I'm saying that exceptions in general don't prevent something from being a pure function. I don't belive it makes a significant difference whether the error handling is explicit or implicit -- it can be considered part of the contract either way.

For example, in my language Leaf, errors are an implicit part of the signature, they can however be turned off.

We will have to agree to disagree then. I think any error handling strategy could work in its own set of conditions. But to say that exceptions are the best way to handle errors across the board, I can't agree with.

In web environments you usually have one or two options to manage errors: retrying IO or returning an HTTP status code 500. There's a user in the other side waiting for a reply, and in the most common request handling model thread-per-request there's a thread bound to the current request waiting to be released. So you can either choose to handle the error flow like a special flow in your business logic (like Try's in scala), or you just can throw an exception, set up a catch-all handler and return a friendly error code so the user can retry the operation.

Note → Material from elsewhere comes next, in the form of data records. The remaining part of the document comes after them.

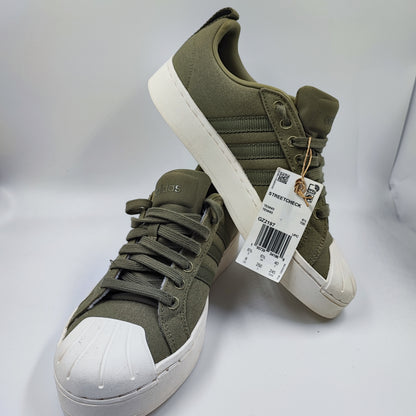 Adidas Streetcheck Casual Lona Verde / Blanco No 25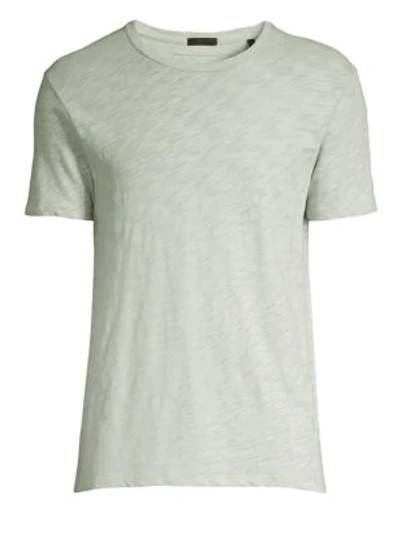 Atm Anthony Thomas Melillo Slub Cotton Crewneck Tee In Faded Teal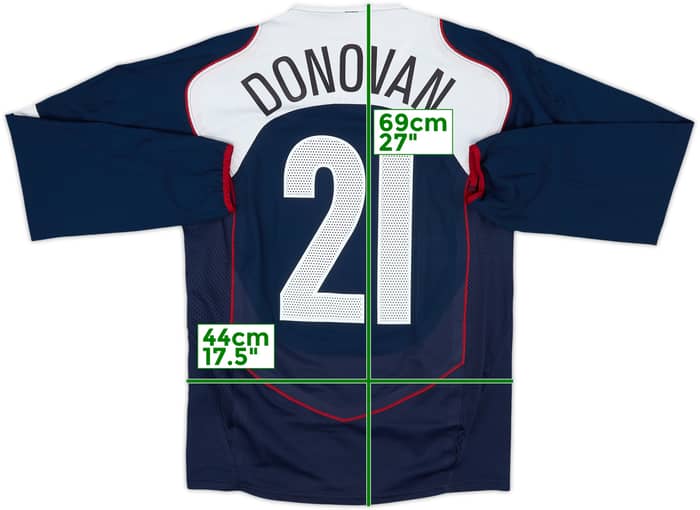 2004-06 USA Player Issue Away L/S Shirt Donovan #21 - 9/10 - (S)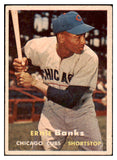 1957 Topps Baseball #055 Ernie Banks Cubs VG-EX 512868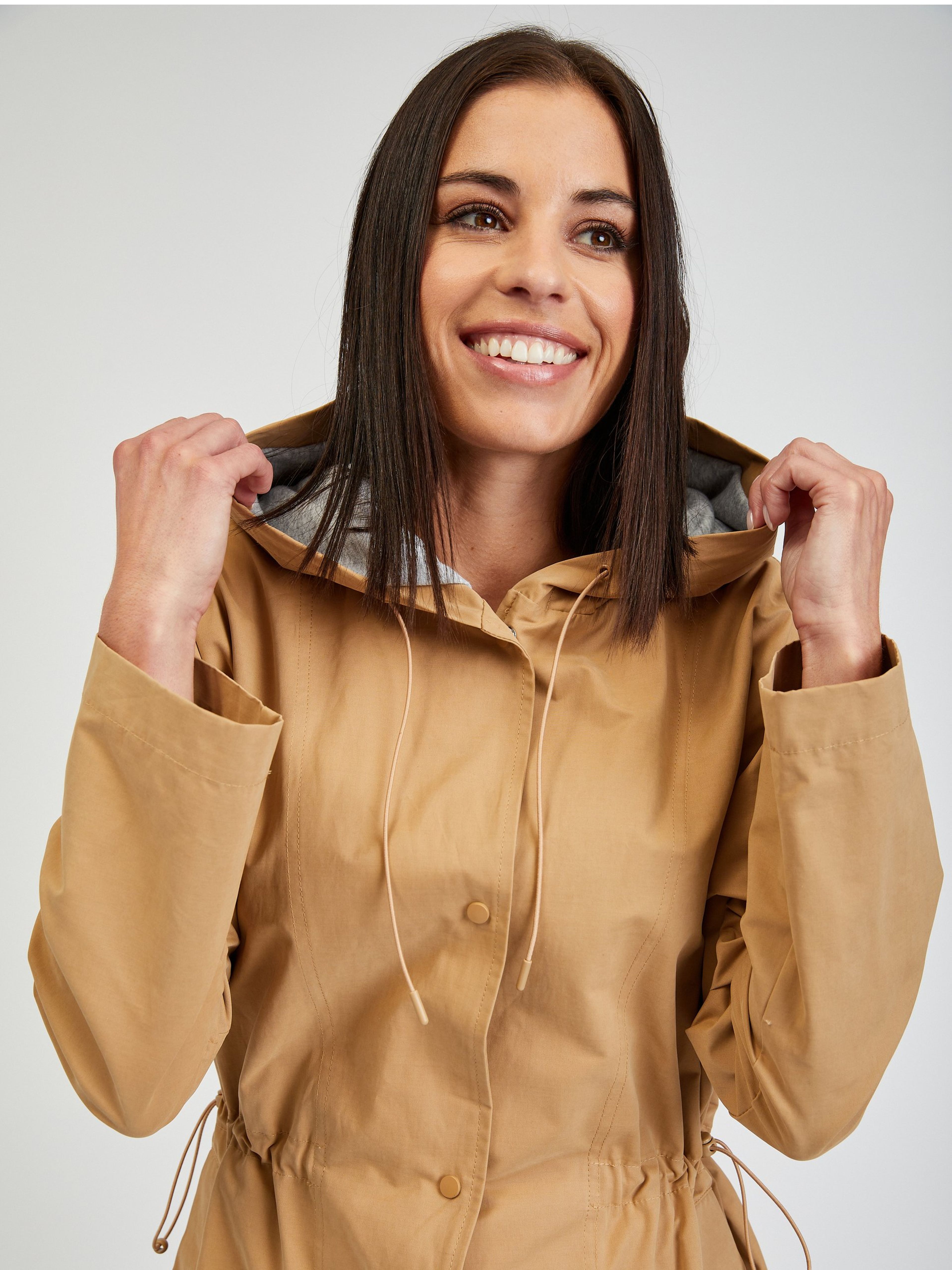 Hellbrauner Damenparka ORSAY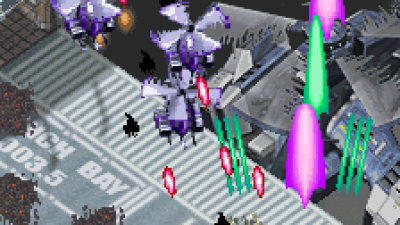 Ketsui Kizuna Jigoku Tachi (Arrange Mode version 1.0, hack by Trap15) [Hack]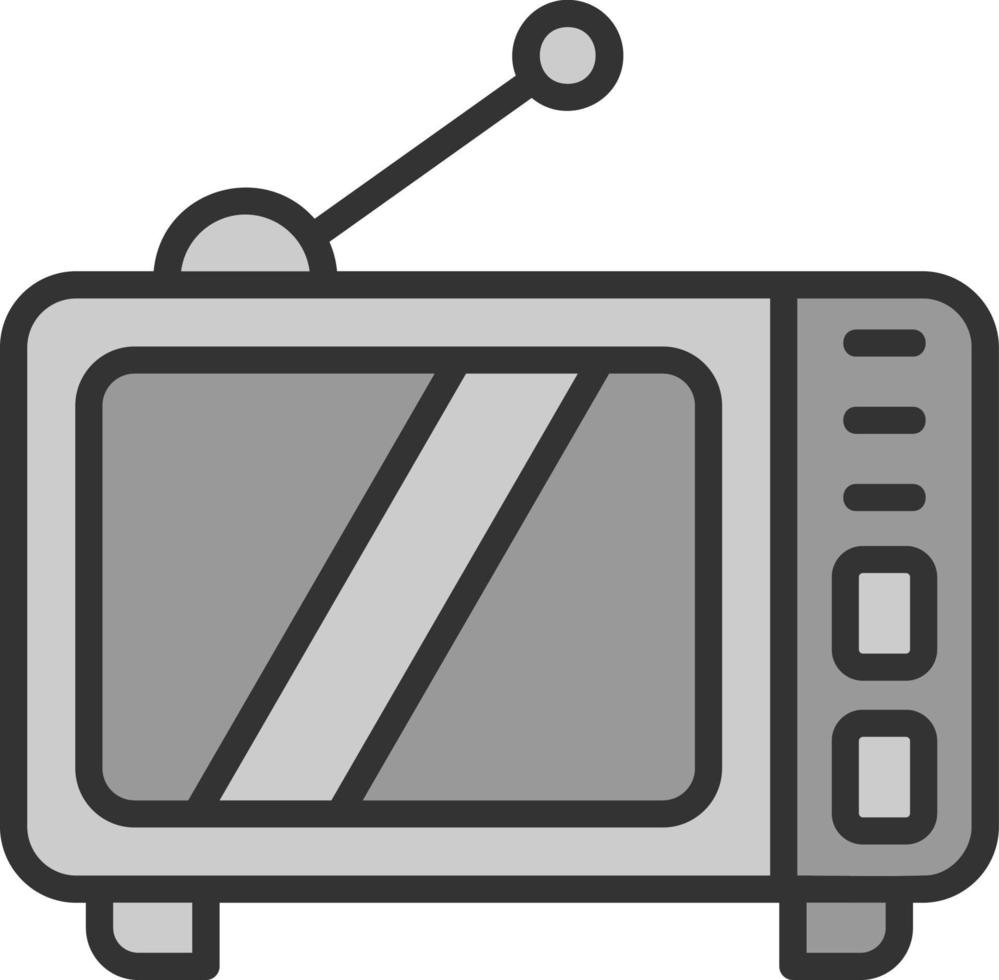 diseño de icono de vector de televisión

I really don't support error flows in web environments, it usually opens additional branches in the execution that makes harder to debug and detect errors. The easiest way I know to debug and fix errors is to throw exceptions closer to the place the error occurs.

 

I second that functional is better for maintainability. Btw. now a days c# can be as functional as F# or Scala, for example. All necessary language features are available, which makes the switch for a dev (team) much easier, allowing them to focus on methodologies and mindset instead of syntax and interop.

 

You can certainly write pure functions in C#. But it can be a bit awkward. Anonymous functions have overhead to setup, often requiring a type declaration in the form of Func<type1, type2, returntype>. Partial application becomes more verbose. C# makes it difficult to avoid nulls and thrown exceptions. (To be fair, .NET itself makes that latter hard to avoid in F# code too.) C# lacks the primary means that F# uses to avoid these: union types. (Union types are also a great modeling tool for business logic.) The C# alternative to this could be subclassing or marker interfaces, which also work well with the new pattern matching feature. However, it's quite verbose to setup compared to union types. Avoiding mutation is really tough to ensure in C#, and foreign to most of us coming from OO. It requires a high level of discipline (and training for new team members).

I'd say that you can do pure functions in C#, but it's not what is made easy there. And under deadline, I find that I will often go with the path of least resistance. If the goal is to write pure functions, F# makes that easier. F# is not perfect in that regard either... it's still pretty easy to introduce side effects like getting current time. I wish there was a way to mark modules "pure" so they would generate a compiler warning if a side effect was introduced. (I'm aware of Delegate.Sandbox, but I don't really want to run unoptimized code.) But in all, F# gets you a long way towards making pure functions easier to write.

 

"And under deadline, I find that I will often go with the path of least resistance"

Yes, that's the point. The new C# features are all going in a functional direction, but it's still too easy to either skip or miss core elements of FP. But it's still interesting to see how virtually all languages currently add functional elements (or new languages start functional from the beginning, like Elm), so hope for FP becoming more mainstream is still there.

Absolutely. As several recent languages show, there's no reason why FP can't exist alongside OO (and procedural) in the same language. I'd like to believe that FP becomes the dominant paradigm before long. I just hope people don't fall into the same trap I did and get discouraged with FP. The trap was that I focused on using match and Maybe and partial application, and all the other mechanics of FP. But disappointingly, I found they didn't provide much benefit, because I wasn't striving to make pure functions with them. Nobody really explained that to me, so I thought I would take a stab at it with this post. :) Best wishes!